Proposed changes to breast cancer screening criticized

The Editor-in-Chief of Cancer Investigation and one of the country's most respected medical policy professors has written a new commentary which criticizes proposed changes to breast cancer screening. The federally-funded US Preventive Services Task Force (USPSTF) has recommended an about-turn in breast cancer screening, which includes recommending against routine screening in the 40-49 year old range, screening only every other year in older women and explicitly recommending against teaching women breast self-examination (BSE).

"In the current healthcare reform debate in the United States, few issues have generated more opinions and greater confusion than the value of cancer screening," says Dr Gary H Lyman, Editor-in-Chief of Cancer Investigation and Professor of Medicine and Director of Comparative Effectiveness and Outcomes Research at Duke University and Senior Fellow at the Duke Center for Clinical Health Policy Research.

"When a government-commissioned panel makes major changes in medical recommendations that have been in place for many years and are still held by most other professional organizations without any substantial change in the available evidence, it is essential that they be aware of the enormous adverse impact that these changes may have on patients, their physicians and on the broader issues at stake in healthcare reform."

The new USPSTF guidelines fly in the face of those from the American College of Physicians, the National Comprehensive Cancer Network, the American Medical Association, the American Academy of Family Physicians, the American College of Obstetrics and Gynecology and the Canadian Task Force on Preventative Health Care and, until recently, their own organization.

Routine screening also saves thousands of lives and experts say that even a small increase in the occurrence of more advanced disease resulting from less frequent screening may have a long term adverse impact not only on women's lives, but also on overall healthcare costs. In addition, modeling studies show that maximum life years for patients are achieved by initiating screening at age 40 years.

"There is an immediate and compelling need for major healthcare reform in the USA and we can no longer afford to stand still and waste limited resources for ineffective interventions while millions of Americans go without access to proven effective screening and treatment," concedes Dr Lyman. "However, available, effective and safe measures such as breast cancer screening should not become the focus of this debate.

Efforts to improve the survival and quality of life for women with breast cancer require the rational application of any and all proven effective strategies including screening, mammograms and BSEs. While Lyman agrees that more research is needed, he warns that the suggested changes in screening are likely to lead to greater confusion and a reduction of breast screening efforts, which may cost patient lives.

In addition, Dr Lyman points out two real and opposing dangers that may emerge from the controversy around the new USPSTF recommendations for breast cancer screening.

"First, the Center for Medicare and Medicaid Services or private insurers could act on the suggestions of the federally-funded USPSTF and reverse their policy of reimbursement for breast cancer screening, adding further to the barriers women already face to appropriate breast cancer screening.

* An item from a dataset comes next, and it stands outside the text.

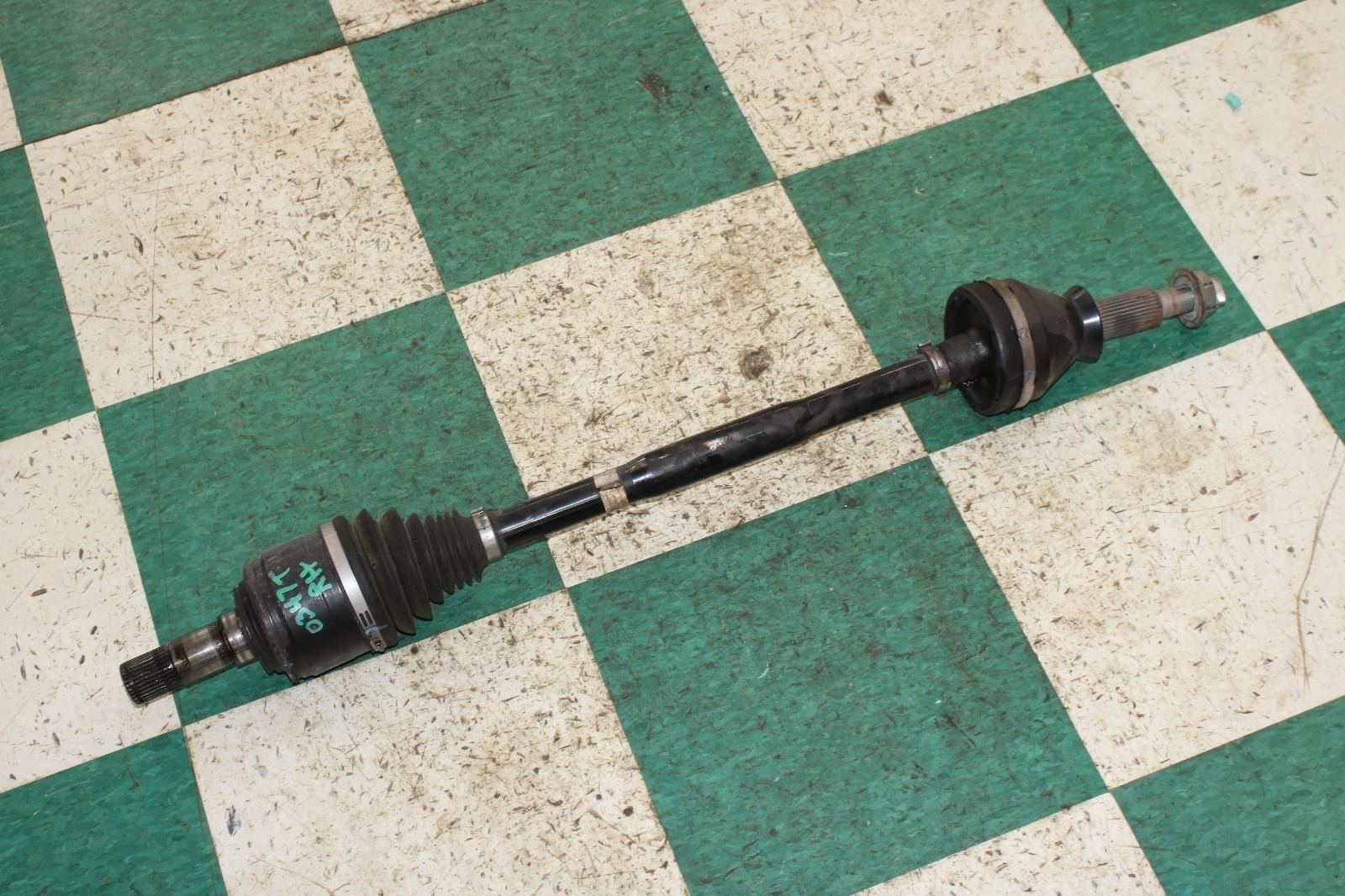 Maserati Quattroporte S Q4 2014-2021 Front Right Cv axle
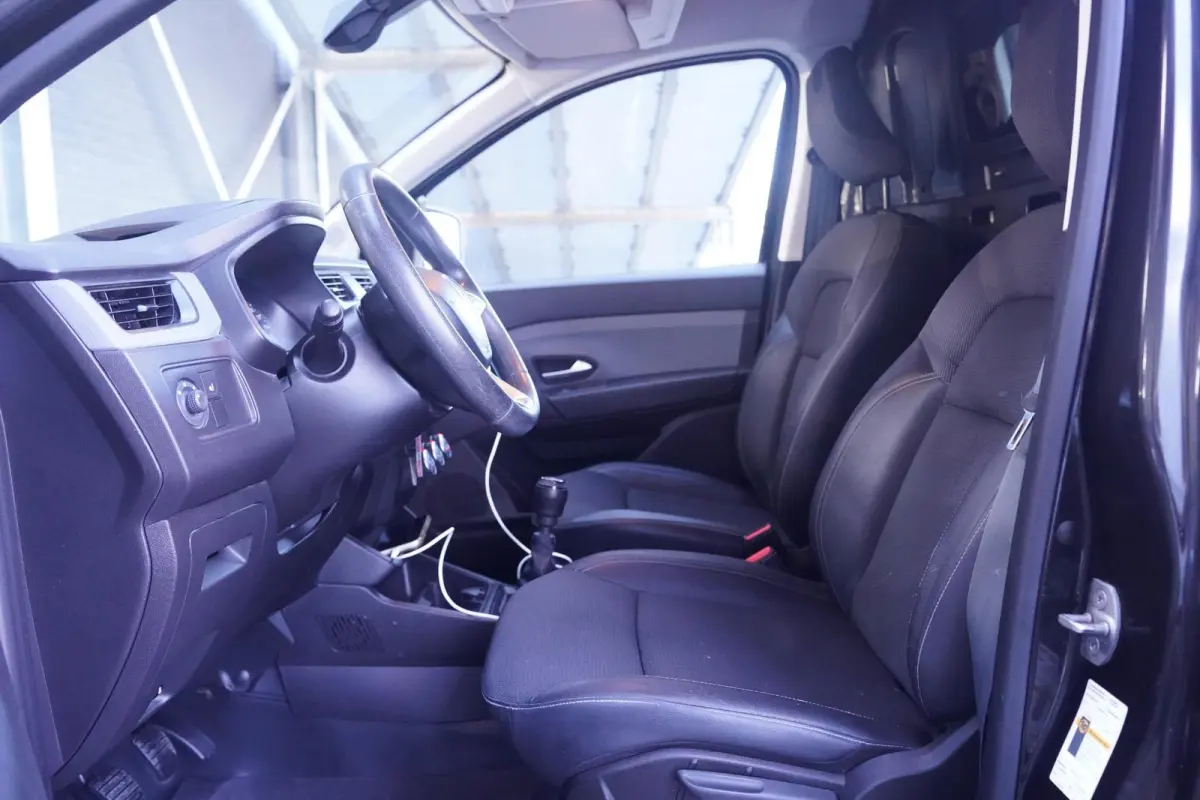 1.5 DCi 95 pk L1 Airco, Apple Carplay, Trekhaak Elek. Pakket, PDC achter, 2-Zits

"Secondly, and perhaps of even greater concern, is the potential for the confusion and anger surrounding the new recommendations being labeled by opponents of healthcare reform as an example of rationing and what will happen when the government takes over healthcare in the US.

"We cannot allow this debate over breast cancer screening to strengthen opposition to the best opportunity to date for meaningful and long overdue healthcare reform that will provide access to important healthcare advances to all Americans," says Dr Lyman.